Y mientras recordaba eso, también le pegó la nostalgia alimenticia. Aquella época donde los niños no crecían con proteínas importadas ni suplementos milagrosos, sino con Farina. “Si su niño no camina, caminará con Farina”, decía la propaganda, y uno se lo creía a muerte. Después vino la Colombiarina y luego la legendaria Bienestarina, que se preparaba en todas las casas como si fuera el manjar de los dioses. Y claro, nadie se salvó de la leche en polvo de la Alianza para el Progreso, esa que decían que tenía un olor como a bodega pero que ayudó a alimentar a medio país.

Y no me venga con que no recuerda en San Félix nuestras madres se levantaban a ordeñar las vacas y servirnos esas suculentas postreras, cuando eso las únicas botellas con leche eran donde las medio llenaban para hacer Kumis en la tienda. Y qué decir del pobre Pipelón, el niño flaco y barrigón que protagonizaba los comerciales del jarabe. ¿Dónde está ese niño hoy? ¿Será que logró crecer o se quedó atrapado en los 80s?

Y es que la estética también tenía su encanto. ¿Quién no recuerda el fijador Lechuga? “Si su pelo se le arruga, plánchelo con Lechuga”. Y el Tricófero de Barry, que parecía perfume de brujo, o el infaltable Bay Rum de 7 monedas, que era como el Old Spice de los que tenían pensión. El Agua Florida de Murray & Lanman, que olía a misa, a velorio y a abuela tierna. Y claro, el Pino Silvestre, el Vetiver, el Old Spice de Shulton, que todavía hay señores que se lo untan creyendo que huelen a James Bond.

También pasaron a mejor vida cosas como el Kan-Kill, el Black Flag, el específico, el espiritismo de barrio, las enaguas, el colirio Eye-mo, las lavativas que eran tortura medieval y las ventosas que parecían método de brujería china. ¡Y ni se diga de las babuchas Croydon de doble piso, que hacían sudar hasta los pensamientos!

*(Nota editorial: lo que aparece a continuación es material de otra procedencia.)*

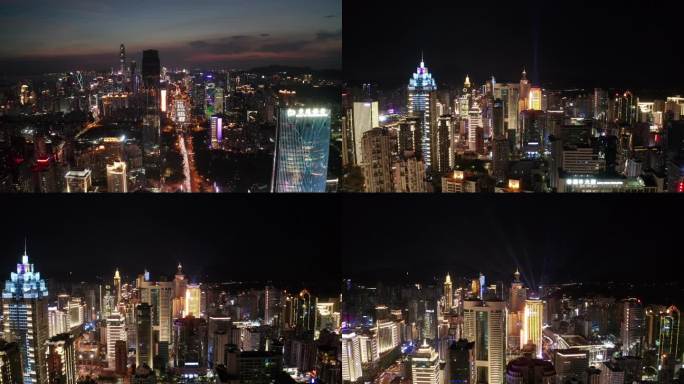 4K城市夜景深圳罗湖航拍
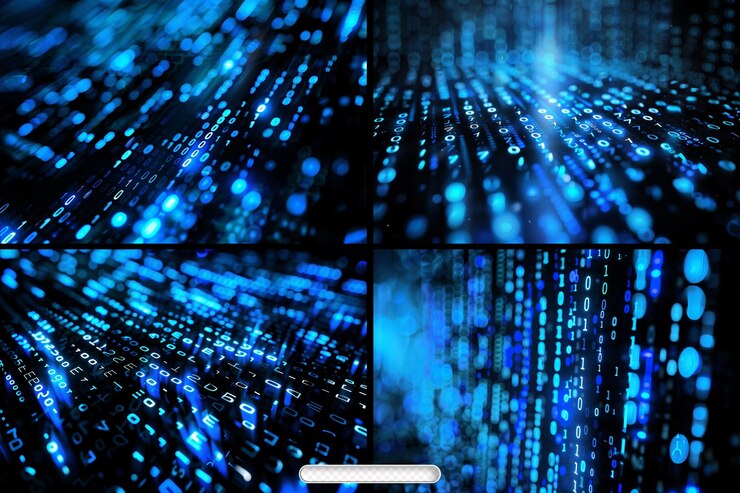 PSD telón de fondo digital que muestra patrones de datos binarios azules abstractos para proyectos creativos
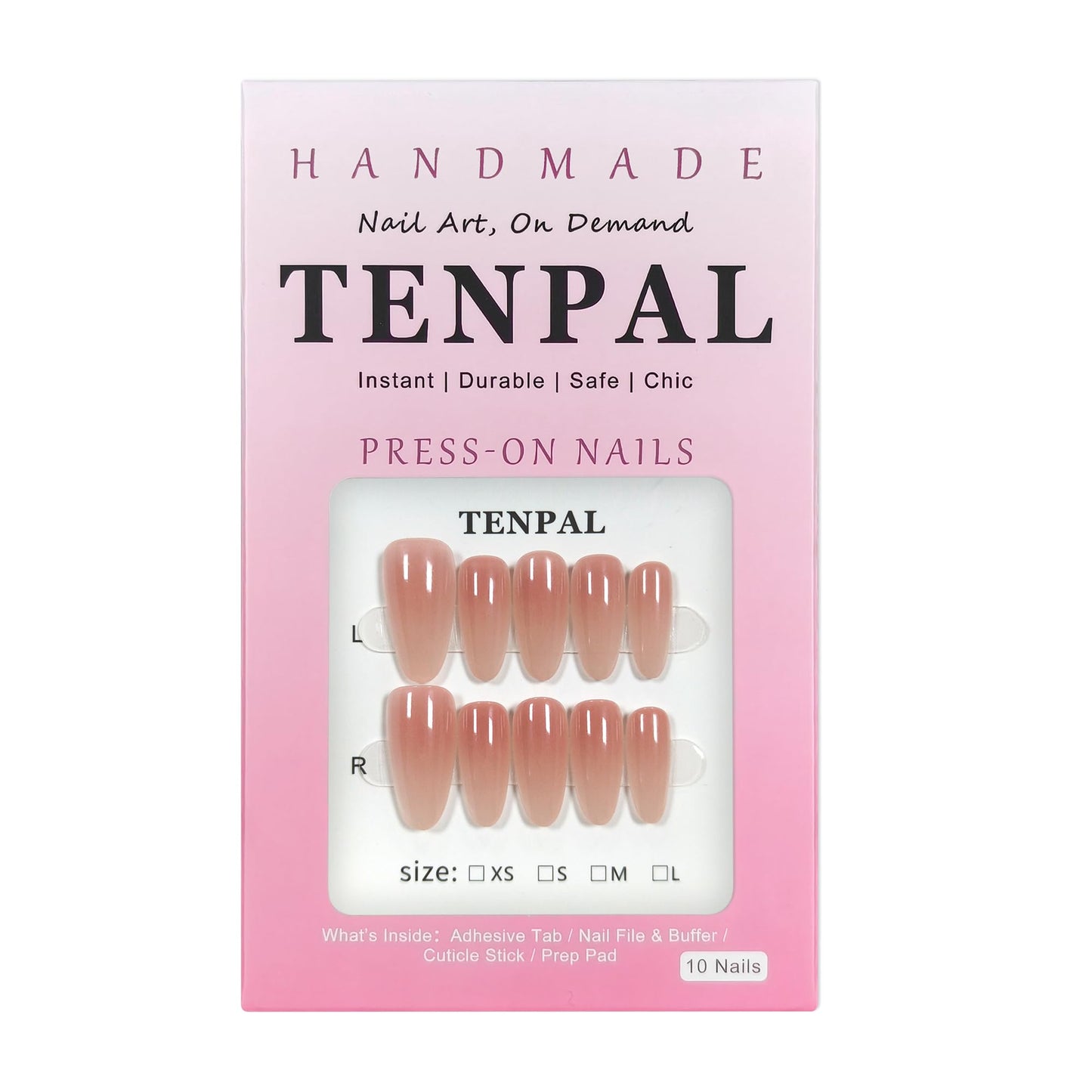 TENPAL Sheer Nude Press on Nails Medium Oval Salon Style for Everyday, Handmade & Reusable, Classic Sheer False Nails with a Clean Finish(S)
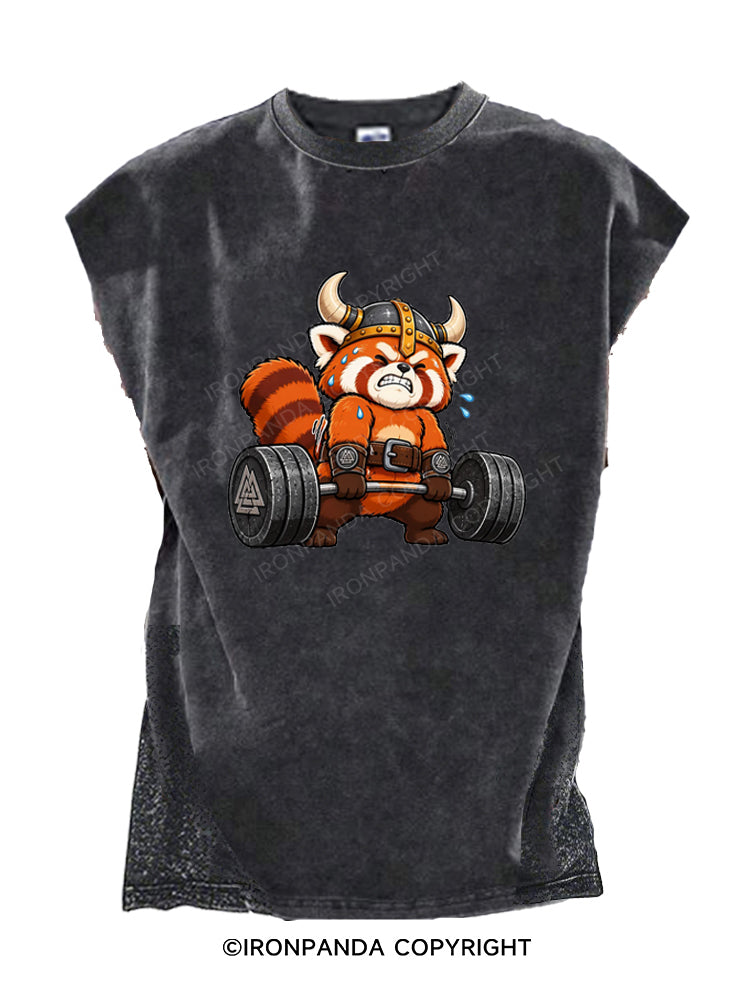 Cute Red Panda Viking Cut Off Tank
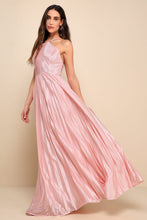 Load image into Gallery viewer, Lulus Elaborate Charm Light Pink Satin Pleated Backless Maxi Dress S
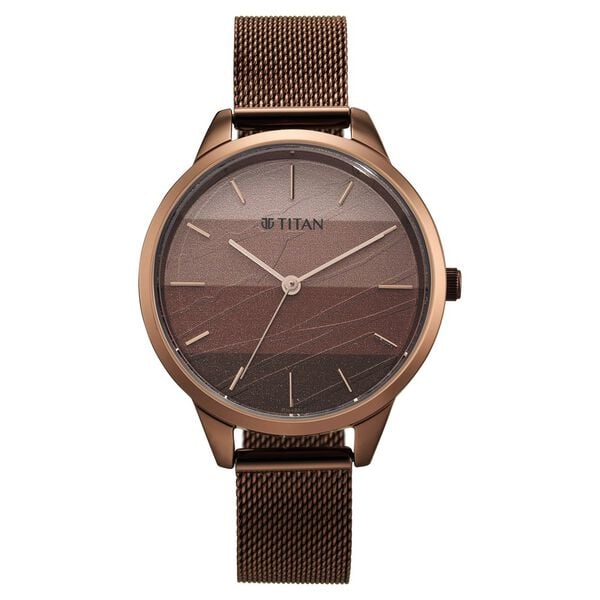 Titan Purple Glam It Up Multicoloured Dial Stainless Steel Strap Watch for Women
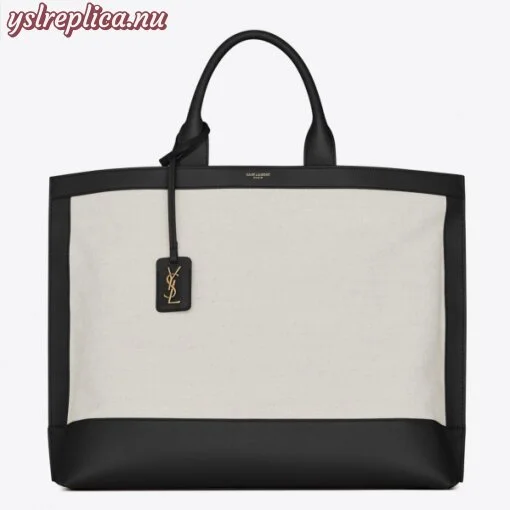 Replica YSL Fake Saint Laurent Tag Shopping Bag In Canvas And Black Leather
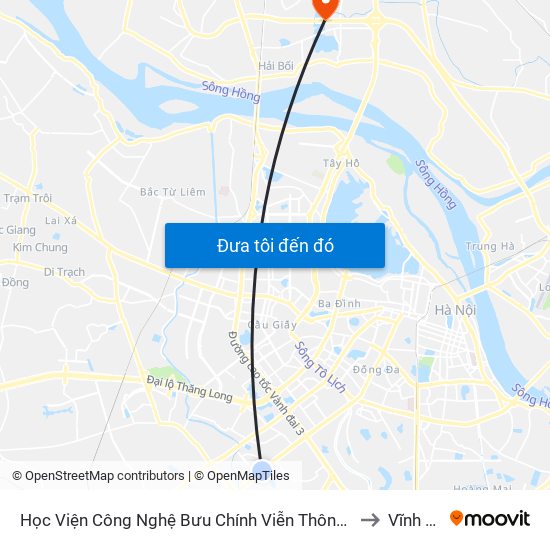 Học Viện Công Nghệ Bưu Chính Viễn Thông - Trần Phú (Hà Đông) to Vĩnh Ngọc map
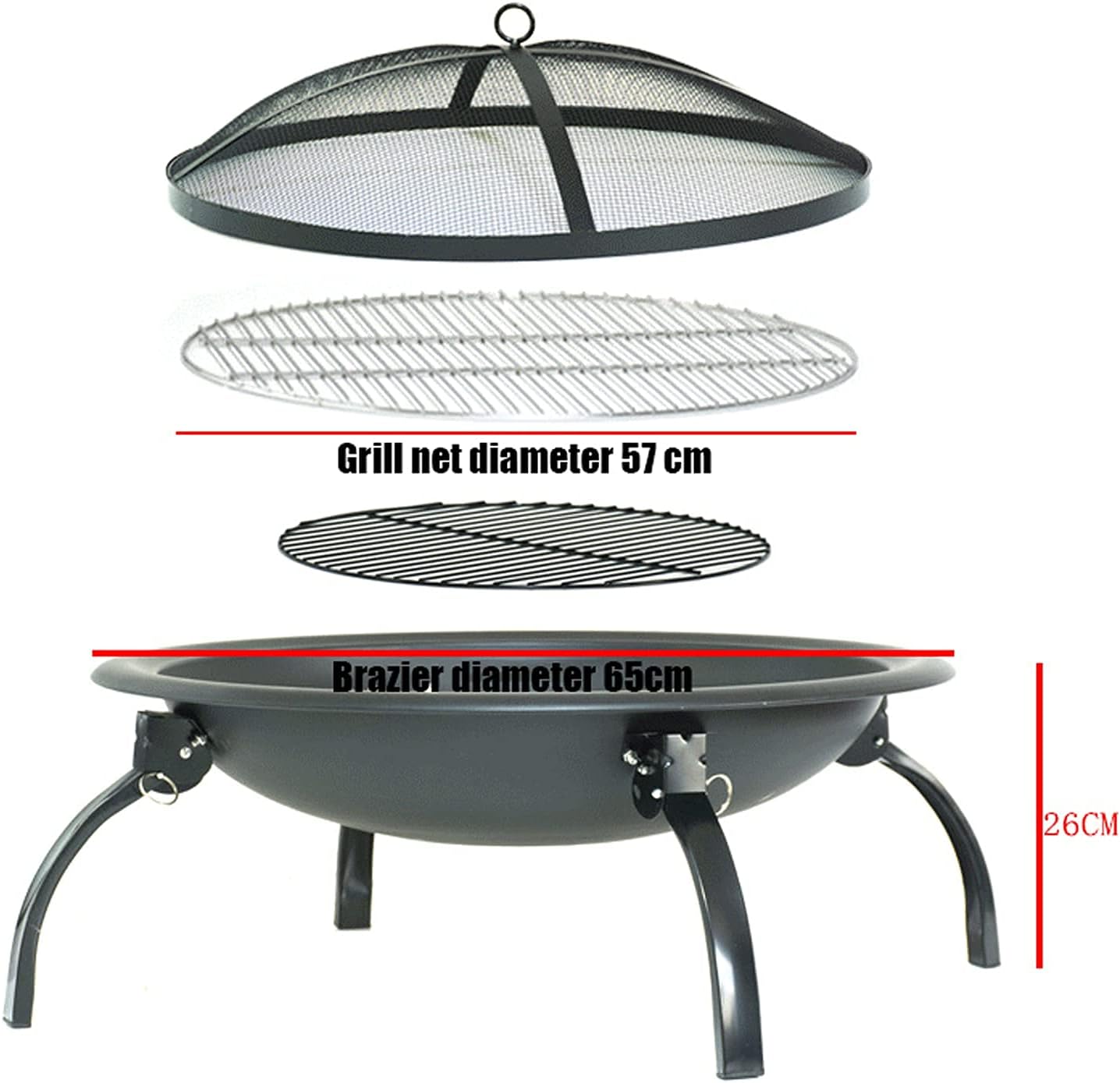 Portable Fire Pits Outdoor Wood Burning BBQ Grill,Small Fire Pits Bowl with Mesh Spark Screen Cover Wood Firepit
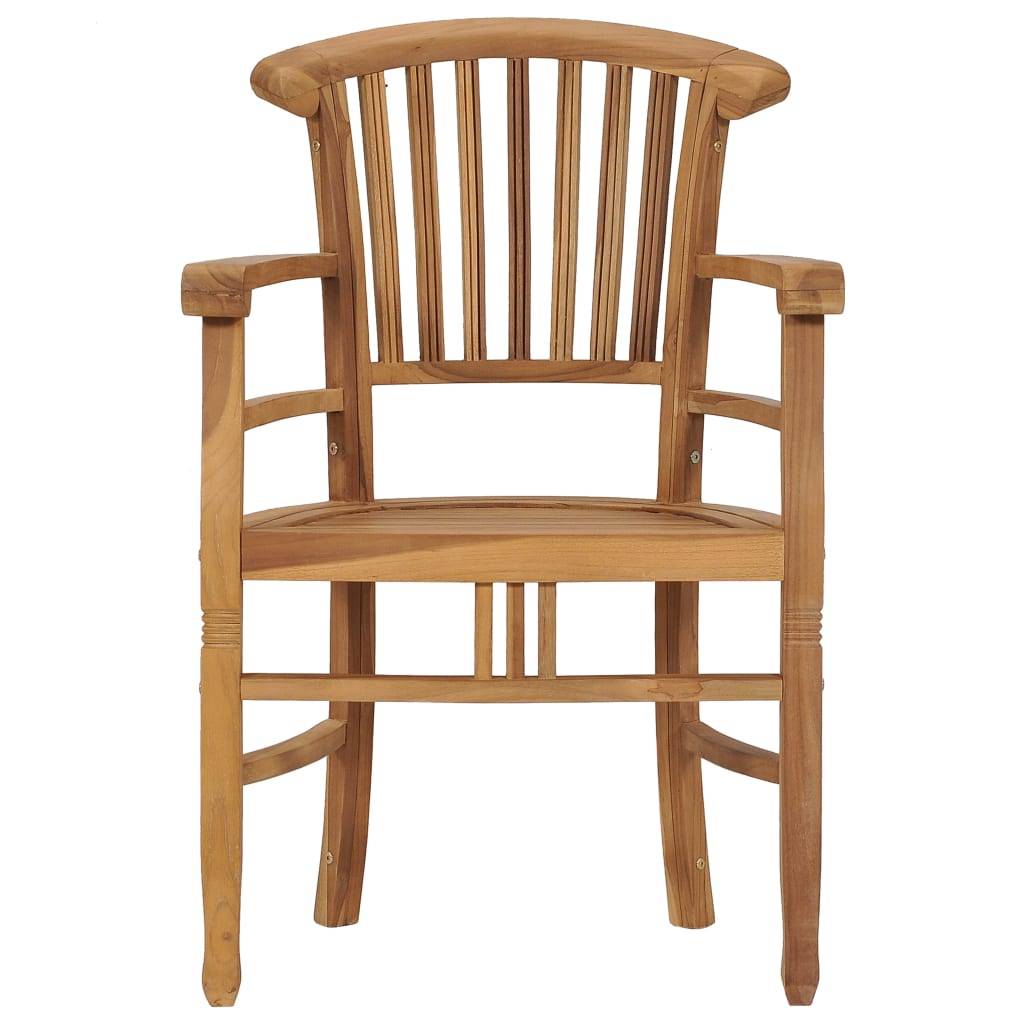 vidaXL Gartenstühle 2 Stk. Massivholz Teak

¿Y la moda? ¡Una película de terror! En el teatro del parque, El suspensorio, los calzoncillos Don Juan Punto Verde, que dejaban poco a la imaginación y mucho a la crítica, y el infame calzón matapasiones tipo Imperio, que más que ropa interior, era una señal de advertencia. Las medias Maratón, la ropa El Roble, las botas Cauchosol, los zapatos Grulla, el Cherrynol, las peinetas Vandux… ¡un museo completo de lo que no debe volver!

Y como si fuera poco, hasta los alimentos han cambiado de nombre: el pan de huevo ya es una leyenda urbana, las galletas costeñas ahora son “obleas”, y el hueco del pandebono sigue siendo un misterio nacional sin resolver. Pero al menos, aún sobreviven las cucas de la fonde la Quiebra, resistiendo como heroínas de masa dulce.

Y todo esto, mi gente, lo recordó el parcero después de meterse quince días seguidos de Vitacerebrina Finlay, un traguito de Tricortin fósforo y una copa de vino tinto Sansón pa’ encender el cerebro y la lengua. Porque recordar es vivir, pero hacerlo con sabor y sarcasmo, es mucho mejor.

Así que ya sabe: si usted pidió alguna vez una Maltina, si se tragó una cucharada de Emulsión de Scott con el ceño fruncido, si lo peinaban con Glostora y le untaban Iodex hasta por una picadura de zancudo, usted es del combo.

¡Bienvenido al club de los que todavía creemos que el Menticol cura todo y que el mundo era mejor cuando uno se limpiaba con agua y jabón de ruda!

¡Salud por el ayer, que aunque no vuelve, todavía arde como Merthiolate en rodilla raspada!